En 2009, le gouvernement local leur a finalement accordé une assurance-vie et une couverture sociale en cas d’accident lorsqu’ils voyagent à travers le Mexique ou à l’étranger.
Dans la pratique, les accidents sont très rares grâce à la formation reçue, expliquent les professeurs.
– Don d' »homme-oiseau » –
Eugenio San Martin, 14 ans, est l’un des élèves de cette école.
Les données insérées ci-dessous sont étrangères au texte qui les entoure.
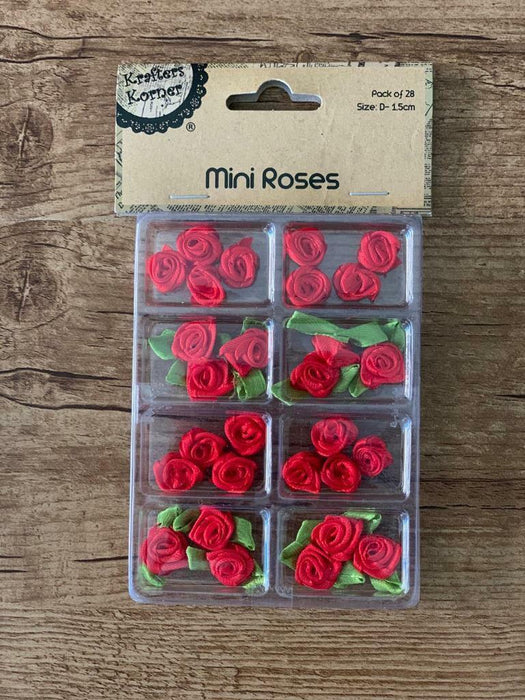 Mini Roses Flowers Ribbon Bows Craft Artificial Wedding Applique Sewing DIY 28pc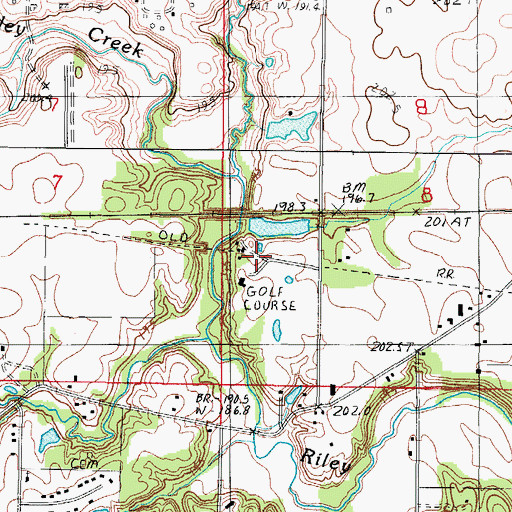 Topographic Map of Charleston Country Club, IL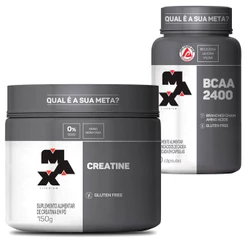 Creatina Monohidratada 100% Pura 150g + Bcaa 2400 100 Cápsulas - Max Titanium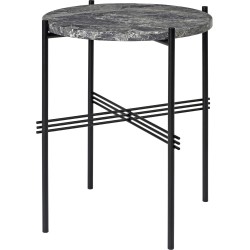 Ø40xH51cm - marbre gris - base noire - table ronde TS - Gubi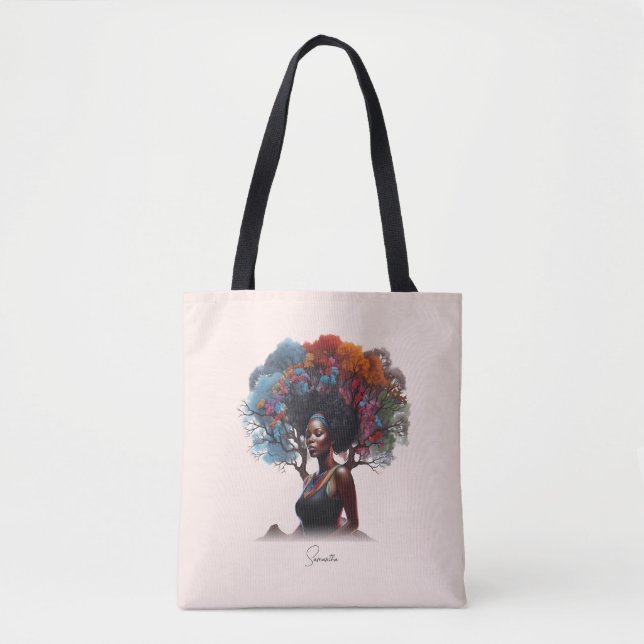 African-American Woman with Tree-Adorned Hair Tote Bag (Front)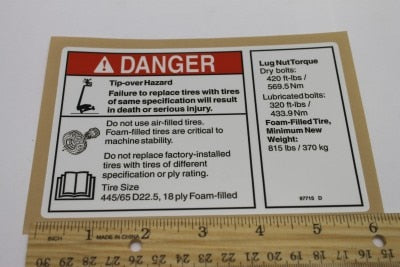 Genie Part # 97715GT – Tire Specs Decal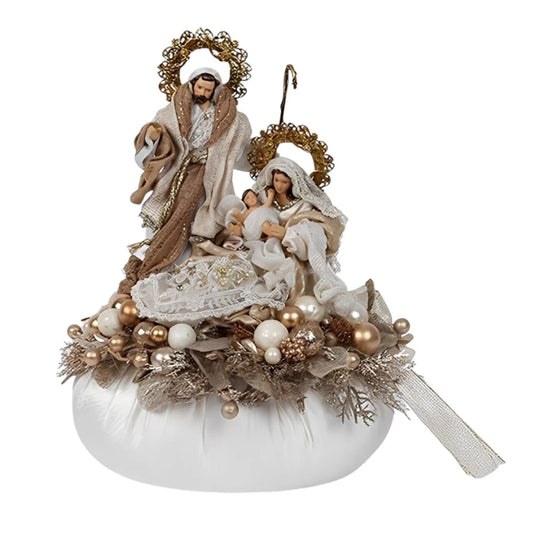 NATIVITA' SU POUF FIORI DI LENA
Ce jeune homme timide a hérité de cette tradition pratiquée par son père et ses grands-pères.
Ils l’ont inspiré pour devenir « caporal », le danseur qui joue de la flûte et du tambour en équilibre précaire au sommet du tronc.
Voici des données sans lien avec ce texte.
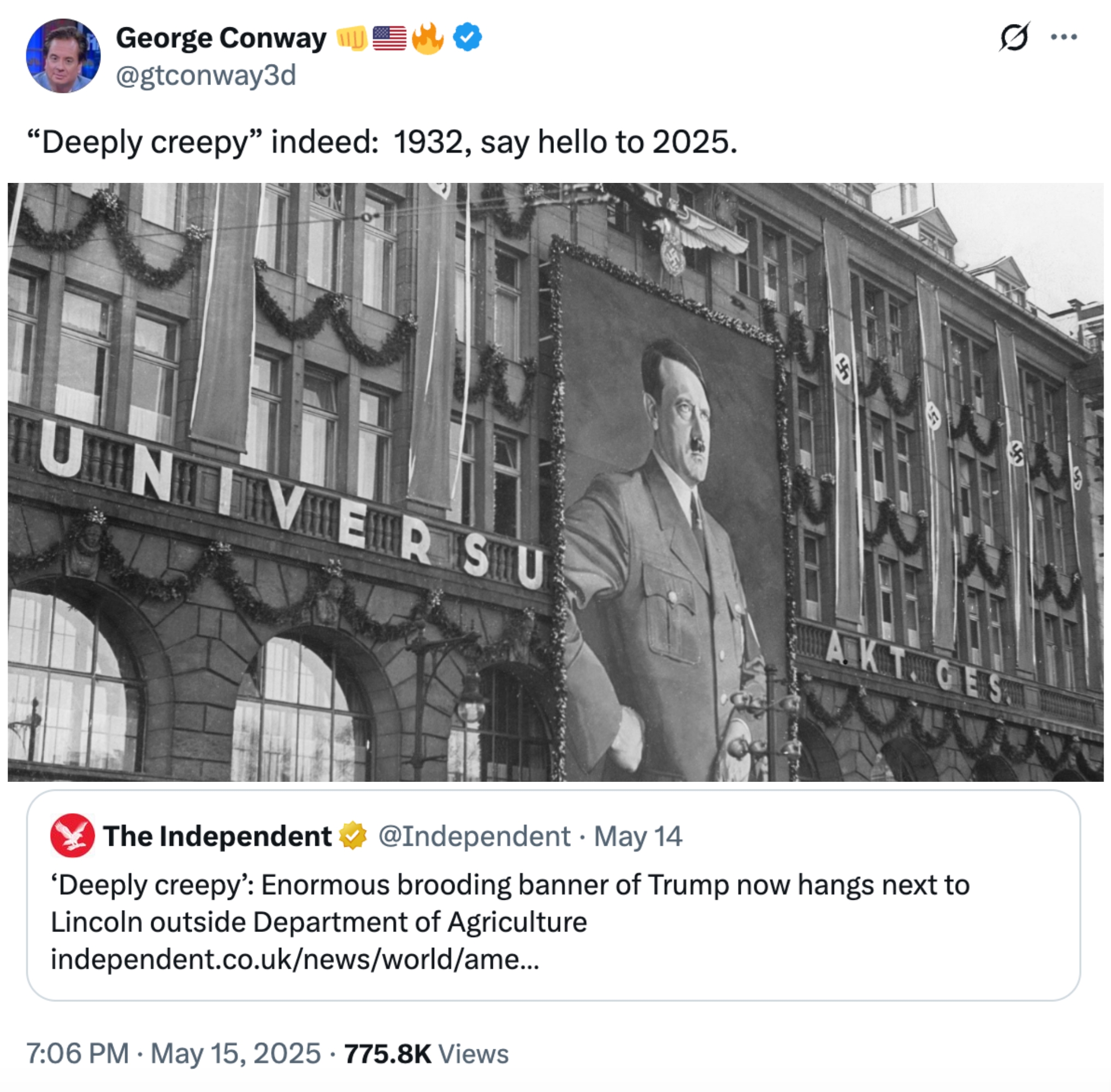 Tweet comparing a large banner of Trump to a historical figure's banner in a social media post about 2025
« J’ai commencé quand j’avais sept ans parce que j’aimais ça », confie Eugenio à l’AFP.
« La première fois que je suis monté sur le tronc, j’avais très peur, mais un professeur est venu avec moi », dit-il.
L’école rassemble une centaine d’enfants, âgés de 8 à 10 ans. Mais seulement une vingtaine d’entre eux atteindront le niveau nécessaire pour devenir professionnels.
« Tout le monde n’a pas ce don », commente Hernandez. « Quand l’enfant à cette force, tu peux le voir dans ses yeux », assure-t-il.
Selon les professeurs, l’apprentissage de la cérémonie rituelle prend au moins 10 ans.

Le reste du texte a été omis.